### Records to process
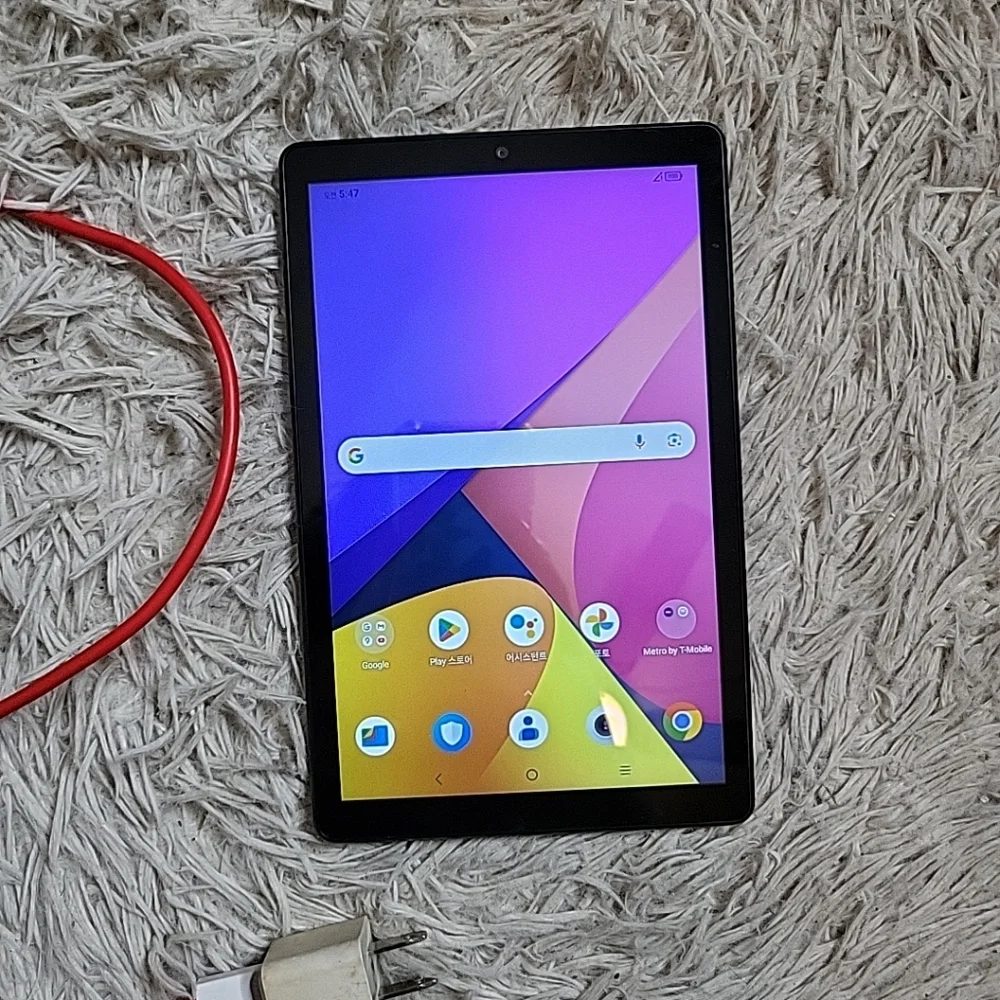 TCL Tab 8 Le 8 HD Tablet Korean Language and X4 32 GB. MSRP $119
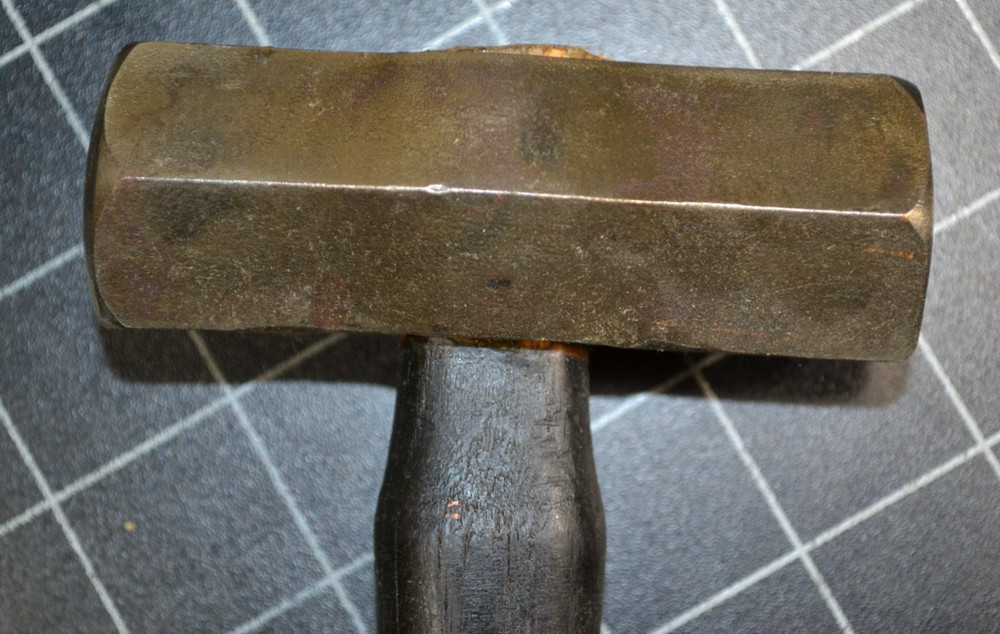 BLACKSMITH ROUNDING FORGING HAMMER - BLACKSMITH MADE - 2 1/2# - UNUSED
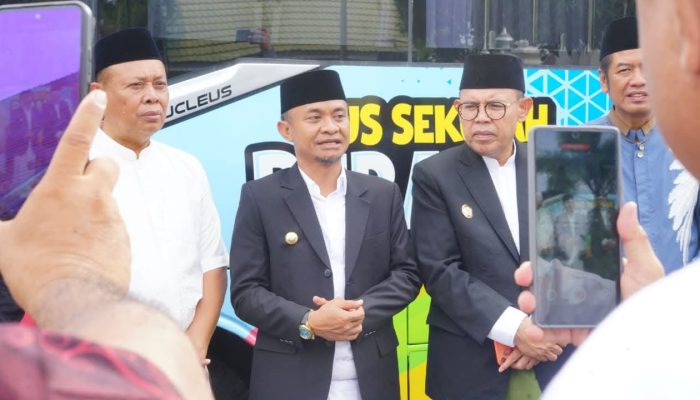 Usai Salat Id, Bupati Bone dan Wabup Luncurkan Bus Sekolah BerAmal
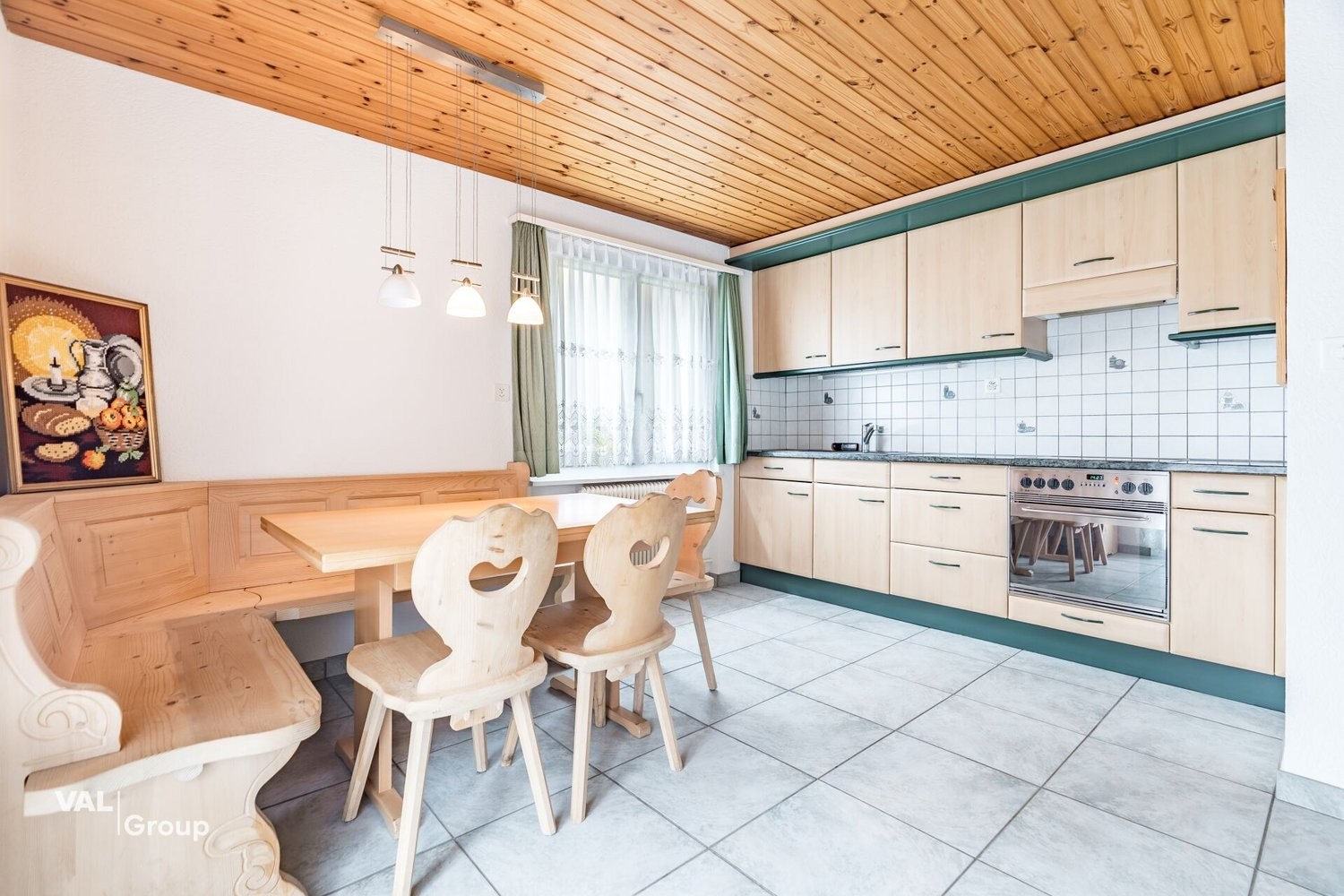 8 ½ rooms single house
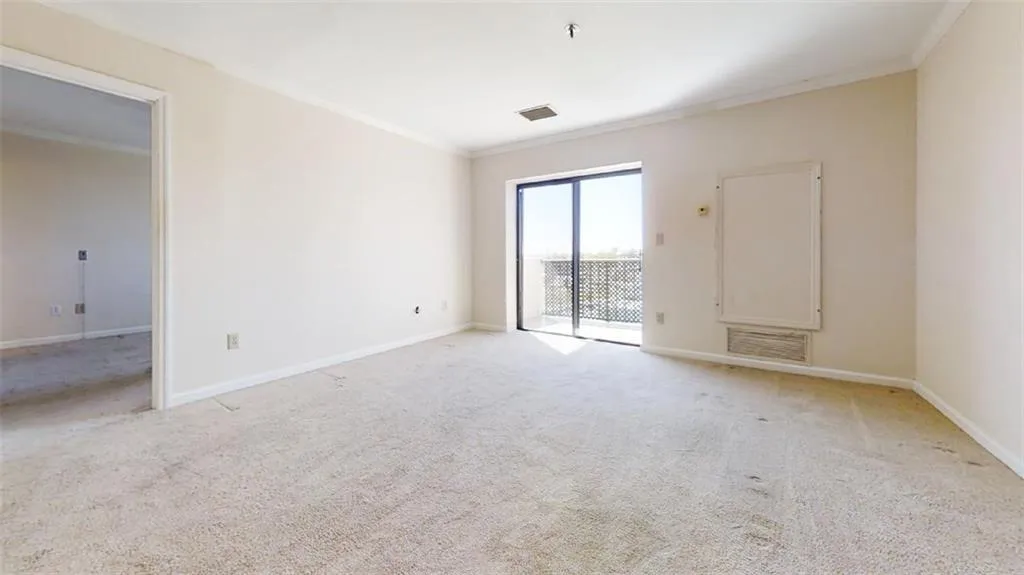 300 Johnson Ferry Road Ne Unit A808, Sandy Springs, Georgia 30328, 2 Bedrooms Bedrooms, ,2 BathroomsBathrooms,Residential,Sold,300 Johnson Ferry Road Ne Unit A808,7194947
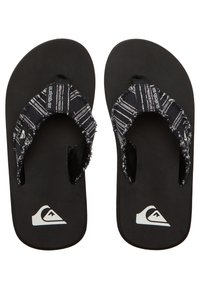Sorte flip-flops med stribede stofstropper, struktureret sål og et hvidt logo på sålen. Letvægtsdesign til afslappet brug.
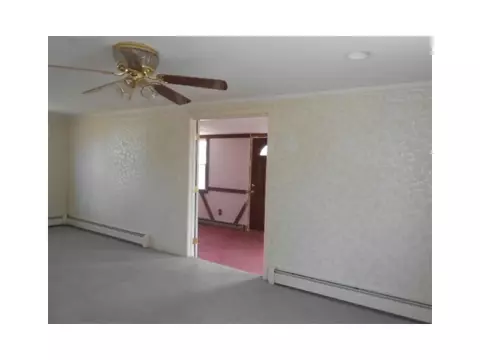19 Preston Dr, Warwick, RI 02886 photo 11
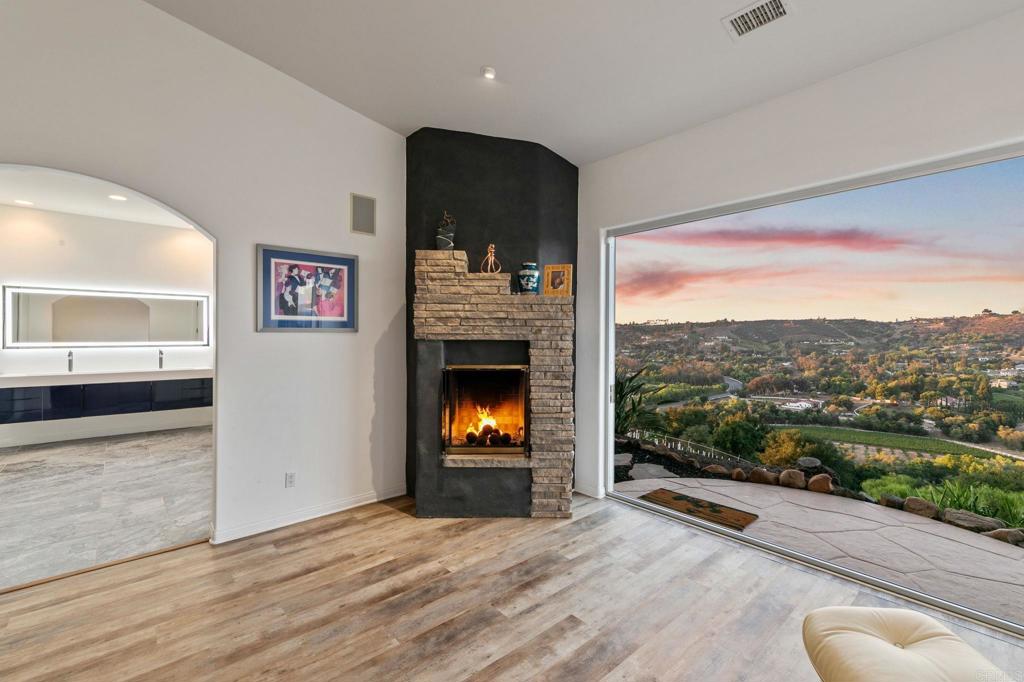 30330 Via Maria Elena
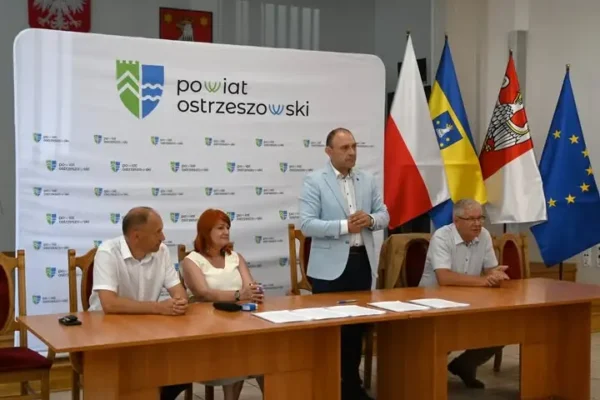 Powiat ostrzeszowski podpisał umowy na modernizację dróg za prawie 5 mln zł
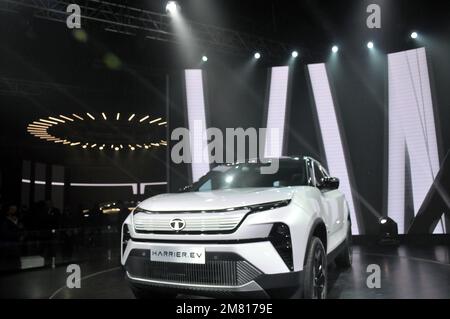 11. Januar 2023, Greater Noida Uttar Pradesh, Uttar Pradesh, Indien: Tata Car Showcasing auf der Auto Expo 2023, öffentlich vom 13. Januar bis 18. Januar 2023 geöffnet (Kreditbild: © Ravi Batra/ZUMA Press Wire), NUR REDAKTIONELLE VERWENDUNG! Nicht für den kommerziellen GEBRAUCH! Stockfoto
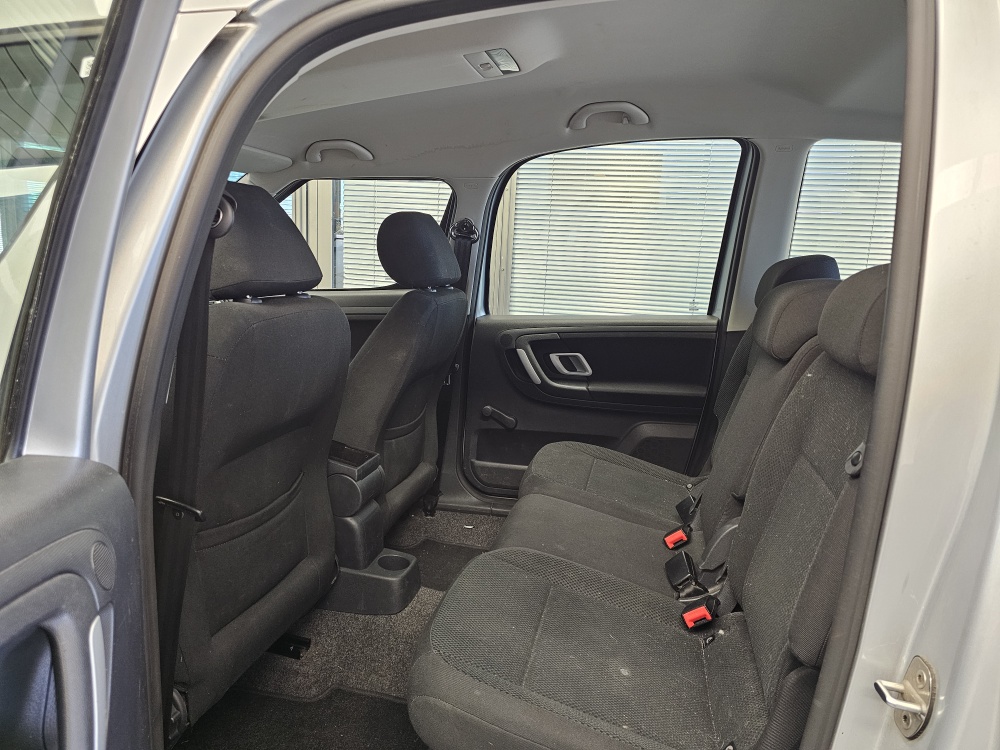 Skoda Roomster bei Hoffmann Automobile in Wolfsburg kaufen und sofort mitnehmen - Bild 5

### Instructions for the task
Your answer should consist of the lines above between those holding "19 Preston Dr, Warwick, RI 02886 photo 11" and "Powiat ostrzeszowski podpisał", inclusive, reproduced word for word and without pictures.

### Answer to this problem
19 Preston Dr, Warwick, RI 02886 photo 11
 30330 Via Maria Elena
 Powiat ostrzeszowski podpisał umowy na modernizację dróg za prawie 5 mln zł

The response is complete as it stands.